The processed data is stored in the /mnt/share/erf/climate_downscale/results directory, organized by scenario and variable.

There are two types of processed data: daily and annual. Daily data is stored for historical data only (and for the mean_temperature variable for CMIP6 data). We generally only generate annual results, as storing daily results for all models and all variables would be prohibitively expensive. Daily data is stored in the /mnt/share/erf/climate_downscale/results/daily directory.

Daily Data Storage and Naming Conventions

File Patterns:

/mnt/share/erf/climate_downscale/results/daily/historical/{DAILY_VARIABLE}/{YEAR}.nc - Daily data for historical variables.
/mnt/share/erf/climate_downscale/results/daily/historical/{DAILY_VARIABLE}/reference.nc - Reference climatology data for historical variables.
/mnt/share/erf/climate_downscale/results/daily/{SCENARIO}/mean_temperature/{YEAR}.nc - Daily data for the mean_temperature variable for CMIP6 scenarios.

Naming Conventions

{SCENARIO}: The CMIP6 scenario being stored (one of ssp126, ssp245, ssp585).
{DAILY_VARIABLE}: The name of the variable being stored (one of mean_temperature, max_temperature, min_temperature, wind_speed, relative_humidity, total_precipitation).
{YEAR}: The year of the data being stored. In historical subdirectories, this runs from 1950 to 2023. In scenario subdirectories, this runs from 2024 to 2100.

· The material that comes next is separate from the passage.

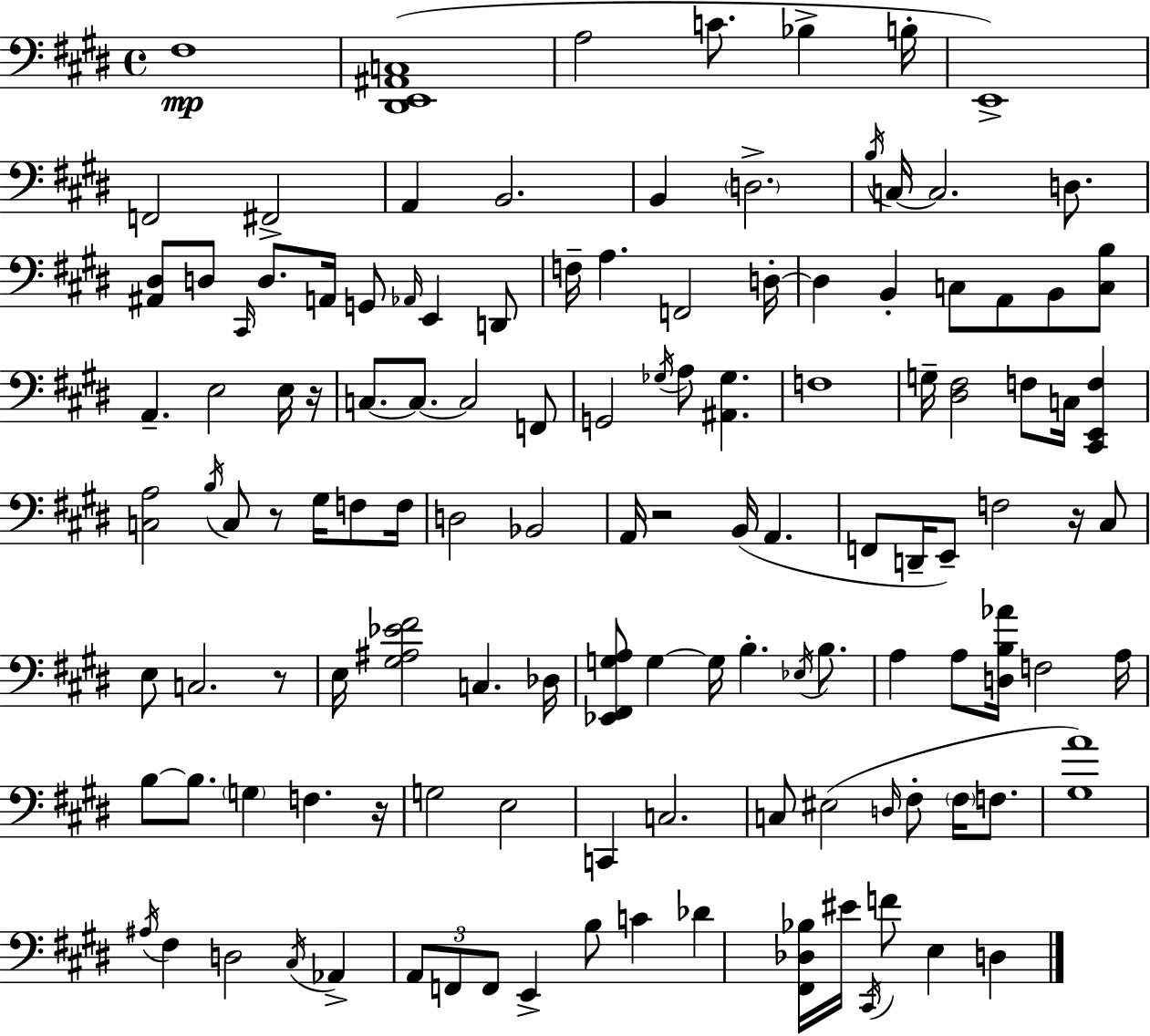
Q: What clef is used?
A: bass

The annual data is stored in the /mnt/share/erf/climate_downscale/results/annual directory. Annual data is stored by draw number, with each draw representing a random sample of a Global Climate Model (GCM) and variant from CMIP6. Each draw is a full annual time series from 1950 to 2100 and collates the historical ERA5 data with the CMIP6 scenario data.

Annual Data Storage and Naming Conventions

Archive File Patterns

These store the prior results for the climate database to ease transition to the new draw-level outputs. They use an older version of the CMIP6 ensemble and represent an ensemble mean. They should be transitioned to the new draw-level outputs as soon as possible.

/mnt/share/erf/climate_downscale/results/annual/archive/historical/{ANNUAL_VARIABLE}/{YEAR}.nc - Archived historical annual data using the ERA5 dataset.
/mnt/share/erf/climate_downscale/results/annual/archive/{SCENARIO}/{ANNUAL_VARIABLE}/{YEAR}.nc - Archived scenario annual data using the CMIP6 dataset and the original point estimate ensemble.

Raw and Compiled File Patterns

/mnt/share/erf/climate_downscale/results/annual/raw/historical/{ANNUAL_VARIABLE}/{YEAR}_era5.nc - Raw historical annual data using the ERA5 dataset.
/mnt/share/erf/climate_downscale/results/annual/raw/{SCENARIO}/{ANNUAL_VARIABLE}/{YEAR}_{GCM_MEMBER}.nc - Raw scenario annual data using the CMIP6 dataset. Each dataset is a bias-corrected and downscaled GCM-member.
/mnt/share/erf/climate_downscale/results/annual/raw/compiled/{SCENARIO}/{ANNUAL_VARIABLE}/{GCM_MEMBER}.nc - Annual compilations of the raw scenario data for each GCM-member.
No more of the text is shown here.